* GIVEN ENTRIES:
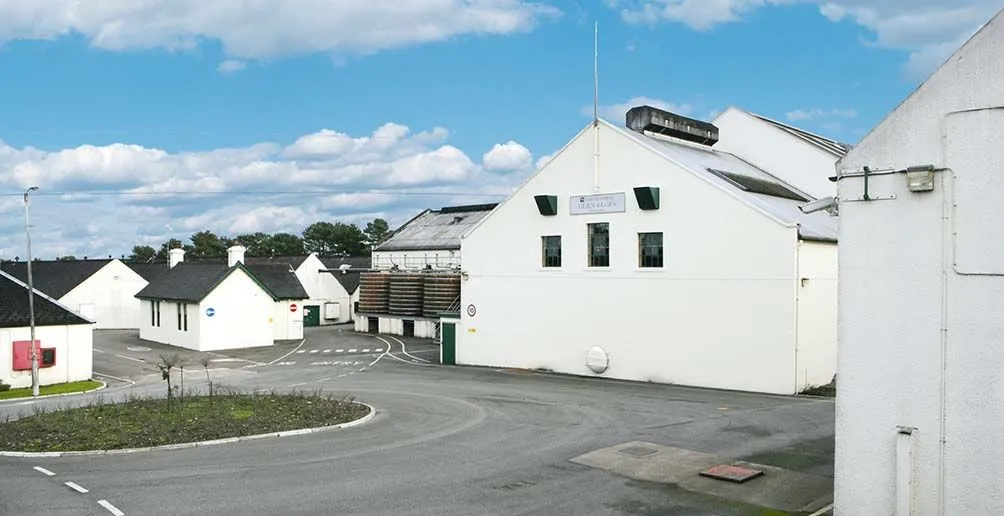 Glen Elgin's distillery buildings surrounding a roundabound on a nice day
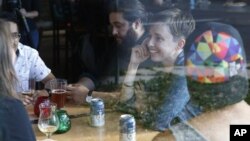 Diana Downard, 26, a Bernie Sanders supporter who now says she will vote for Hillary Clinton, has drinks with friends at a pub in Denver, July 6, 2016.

---

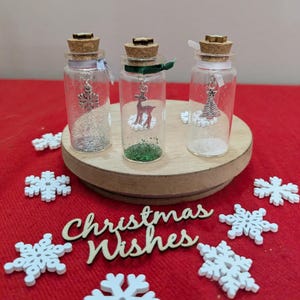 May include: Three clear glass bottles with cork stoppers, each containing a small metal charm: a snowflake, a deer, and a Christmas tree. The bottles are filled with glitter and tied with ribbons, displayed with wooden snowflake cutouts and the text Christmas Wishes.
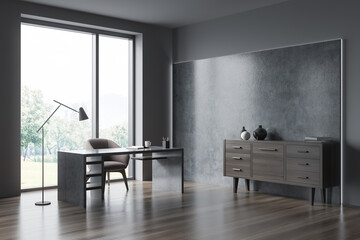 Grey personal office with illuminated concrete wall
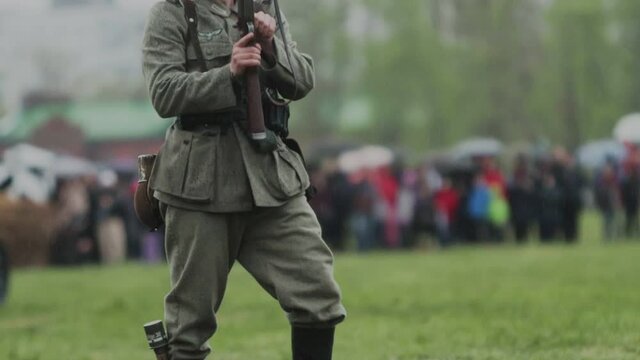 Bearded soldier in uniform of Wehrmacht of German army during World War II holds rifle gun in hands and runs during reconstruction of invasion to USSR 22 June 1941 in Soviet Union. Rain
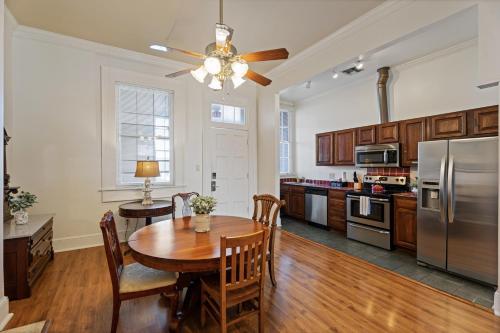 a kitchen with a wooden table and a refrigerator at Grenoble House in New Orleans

* ABOUT THIS TASK:
With the pictures left out, write out exactly the lines above from the one containing "Bearded soldier in" through the one containing "a kitchen with".

* REPLY:
 Bearded soldier in uniform of Wehrmacht of German army during World War II holds rifle gun in hands and runs during reconstruction of invasion to USSR 22 June 1941 in Soviet Union. Rain
 a kitchen with a wooden table and a refrigerator at Grenoble House in New Orleans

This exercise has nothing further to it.